The Joint Admission and Matriculation Board was established in 1978 by law to unify entrance examinations into universities, which before then, were conducted separately by the universities. The law was amended in 1989 and 1993 to give the board the responsibility for admission into monotechnics, polytechnics and colleges of education. Instead of Joint Admission and Matriculation Examination (JAME), it became the Unified Tertiary Matriculation Examination (UTME) to reflect the new status of the board.
As it is with most things in Nigeria, JAMB has not fared better with age. In fact, at some point, the integrity of its selection tests attracted doubts prompting a mass revolt by universities against using the outcome of the UTME alone to determine admission.
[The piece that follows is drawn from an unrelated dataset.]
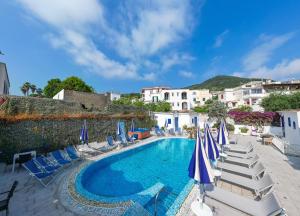a swimming pool with lounge chairs and umbrellas at Charme Hotel La Villa Tina in Ischia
This marked the beginning of what became known as post-UMTE test by individual institutions to further ascertain the suitability of candidates cleared by JAMB for admission. The Post-UMTE test was suspended by this government, apparently for the same reason of trying to make the playing field less challenging for misfits.
The Minister of Education, Mallam Adamu Adamu announced the re-instatement of the test only last week to prepare the stage for this new controversy over cut-off point for admission. I want to believe that part of the sacred role of JAMB is to make university education worthwhile. Prof. Is-haq Olarenwaju Oloyede, the fifth registrar of JAMB since its inception is doing very well. He has reportedly improved the board into a revenue agency, contributing billions into government coffers. It seems that is all he can do well and the board may have to recruit a second registrar for academics and standards.